Investors need to go into this trade with eyes wide open. The upholstered furniture-to-floorings seller plunged into administration in 2008, among the casualties of the financial crisis. Yet it relisted on the stock market in 2015 and has since demonstrated a more robust business model while gaining market share.
Under the leadership of CEO David Knight, management has made progress in improving the resilience of the business. This has been achieved in three ways: Strengthening its value-focused customer proposition; broadening the customer base to include more affluent shoppers via House of Fraser concessions as well as the addition of more premium brands; and increasing overall cost efficiency.

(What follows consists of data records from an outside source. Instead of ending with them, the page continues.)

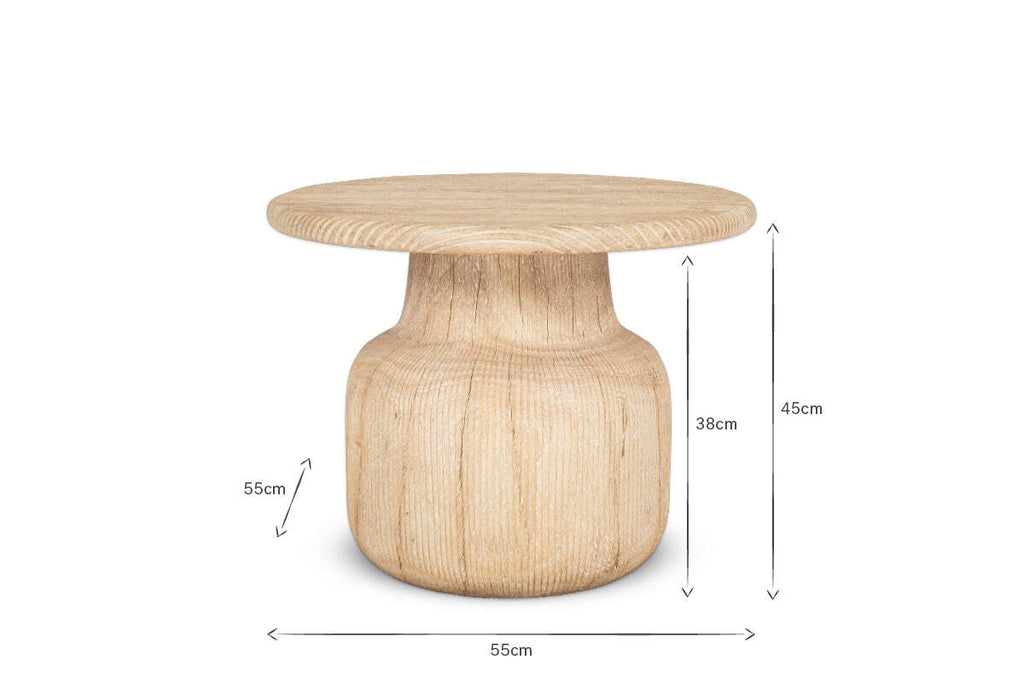 Vivan Grooved Wood Side Table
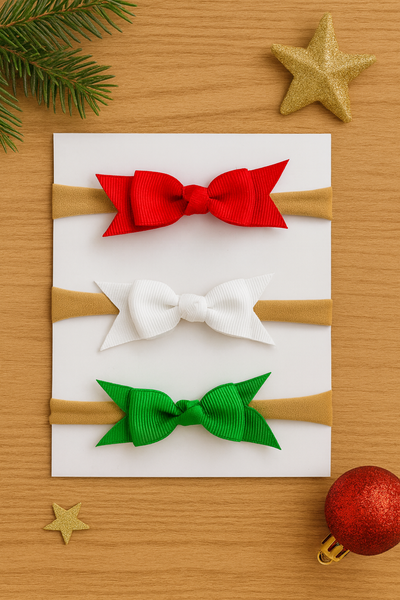 Set of 3 Ribbon Christmas Bows Trio Headbands- Red, White, Green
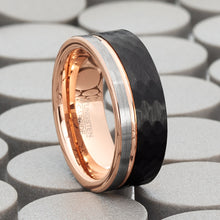 Mens Tungsten Wedding Band Ring Tri-Color Groove Rose Goldtone Comfort-fit 8MM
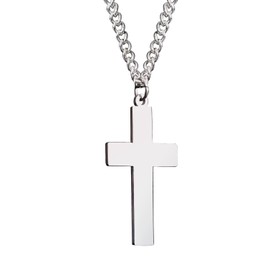 Fervent Cross Necklace - Rhodium Platinum Plated Silver w/Silver Chain - Great Easter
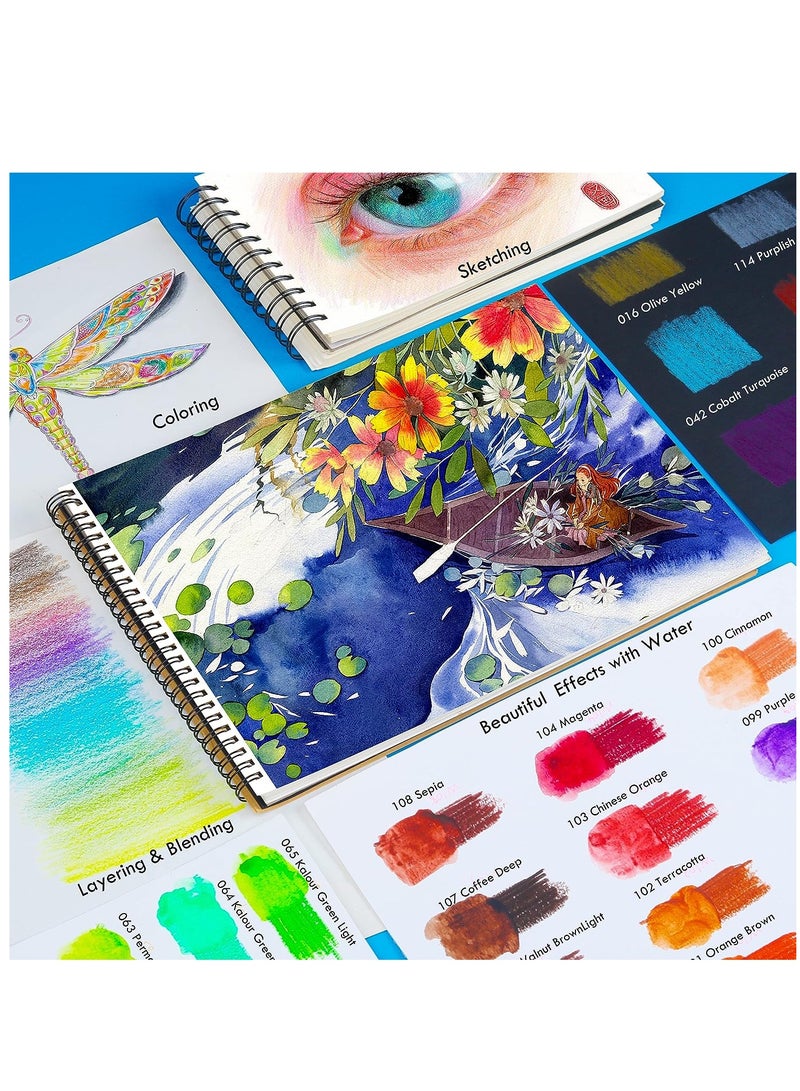 SYOSI Premium Watercolor Pencils Set of 120 Colors with Water Brush Pen Portable Nylon Case Numbered and Lightfastness Water-soluble Colored Pencils for Adult Coloring Water Color for Beginner Kids - Image 4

The self-styled ‘Sofa Carpet Specialist’ offers third party brands such as La-Z-Boy, G Plan and upmarket name Parker Knoll, as well as own brands SiSi Italia and Endurance, while offering four years’ interest-free credit on already ultra-competitive prices.
LOW STOCK RISK
ScS is cash generative, has a strong balance sheet and a website that complements its large out-of-town retail outlets. And as broker Shore Capital explains, roughly 95% of ScS’ stock is purchased on the back of a customer order, meaning the retailer bears very little stock risk, as the only inventory carried is display stock or returns.

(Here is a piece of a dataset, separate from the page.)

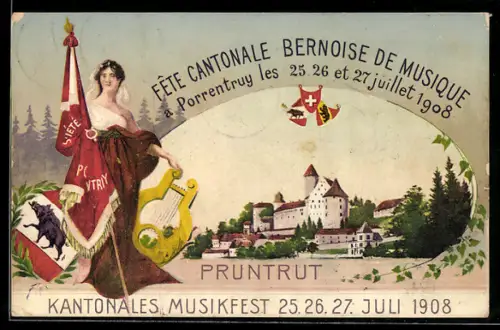 AK Pruntrut, Kantonales Musikfest 1908, Blick in den Ort, Wappen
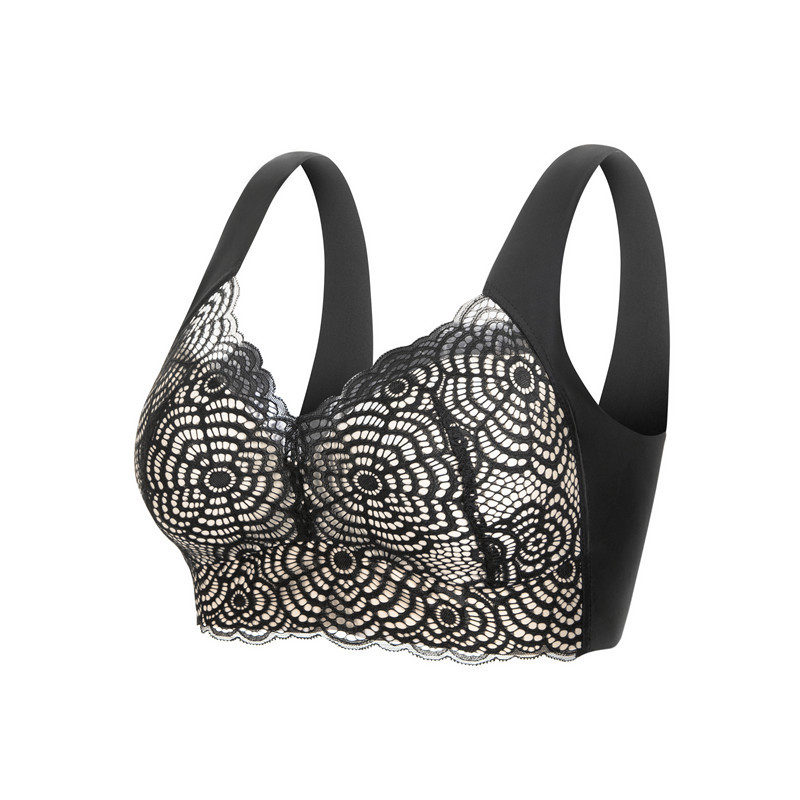 Seamless Underwear Women - L'bellagiovanna レディース ワイヤーフリー レース ブラジャー タンクトップ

Shore upgraded sales, profit and earnings per share estimates for the year to July 2018 and beyond following ScS’ trading update (31 Jan)
for the six months to 27 January 2018. This revealed better-than-expected 2.2% like-for-like order intake growth.
Knight insisted his charge performed in line with expectations over the key winter sales period and believes ScS’ ‘increasing resilience and value proposition will enable us to manage the continued economic uncertainty and take advantage of opportunities’.
For the year to July 2018, Shore forecasts adjusted pre-tax profit of £12.5m (2017: £12m) for earnings per share of 24p and a 15p dividend.
These estimates place ScS on a cheap-looking prospective price-to-earnings multiple of 8.8 times with an attractive 7.1% yield. For financial year 2019, the broker forecasts increased pre-tax profit of £12.7m, earnings per share of 24.5p and a 15.3p dividend.